Both sides have some validity, which has led to a historic clash of contexts between the two. Leaders demand “come back” and employees rightfully ask, “Why?” Attempts to close this gap with return-to-office mandates, extra perks, and events fall flat.

As employers double down on compliance, it’s pushing employees further toward the door. Additionally, this approach makes work even less flexible than before COVID. The more rigid policies become, the more organizations miss the opportunity to develop a well-executed flexibility strategy that enhances job performance, employee engagement, and well-being. Now is the time for employers and employees to move past failed mandates and entrenched positions and reimagine work together.

But first, we need to recognize that COVID accelerated an existing trend toward greater flexibility and the priority now is to optimize that flexibility. Leaders need to stop wasting resources trying to “go back” and instead invest in high-performance flexibility across workplaces, spaces and time.

Data from my firm’s research conducted before the pandemic found most U.S. employees had some form of flexibility with more than one-third saying they did most of their work remotely. But that same survey showed nearly half of those with flexibility received no training or guidance how to use it. Additionally, in a Harvard Business School survey of 6,500 global leaders, also conducted before COVID, respondents cited “expectation for flexibility” as the top future of work factor they expected to impact their businesses, yet prepared for that flexibility was ranked 14th.

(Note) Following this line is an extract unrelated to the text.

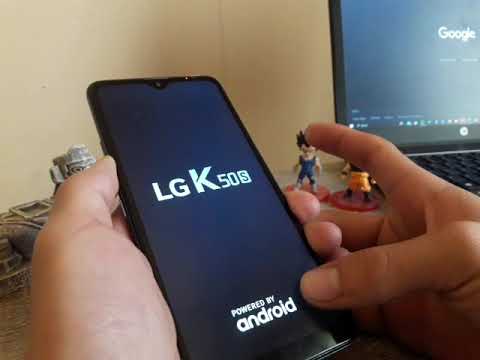 como resetear lg k40, k50, k51 factory reset , restaurar, borrar y limpiar todo a su estado original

Second, come to terms with the price and payoff of optimizing flexibility. Just as with other business priorities and change, high-performance flexibility requires strategic intention, resources, commitment, and a willingness to collectively experiment and learn. The payoff is a dynamic, agile business and workforce that takes the best of how, when and where we worked both before and during the pandemic and moves forward from there.

Third, stop with the mandates and stop using a set number of days in office as a proxy for performance. Instead, leaders and teams together need to first ask, “What do we need to get done and why?” That lays the foundation to determine how, when and where we can do the best work and meet the needs of both the business and the employees. This also allows leaders to address what they believe was lost during the pandemic’s crisis-driven shift to flexible work and what they see as most important to regain.

Lastly, understand that inclusion in the process, not the outcome, ensures consistency and fairness. When everyone’s involved in answering the questions above, then everyone’s involved in redefining how, when and where they work next. That will differ by the job, the organization and the clientele, but under the umbrella of a consistent flexibility strategy.

For the majority of workers who do their jobs onsite, reconsider how and when they work. For those who can work either onsite or remotely, rethink how they spend their time when in person. And for those with fully remote roles, determine how they remain connected with colleagues and integral to day-to-day operations. Work will never be one-size-fits-all.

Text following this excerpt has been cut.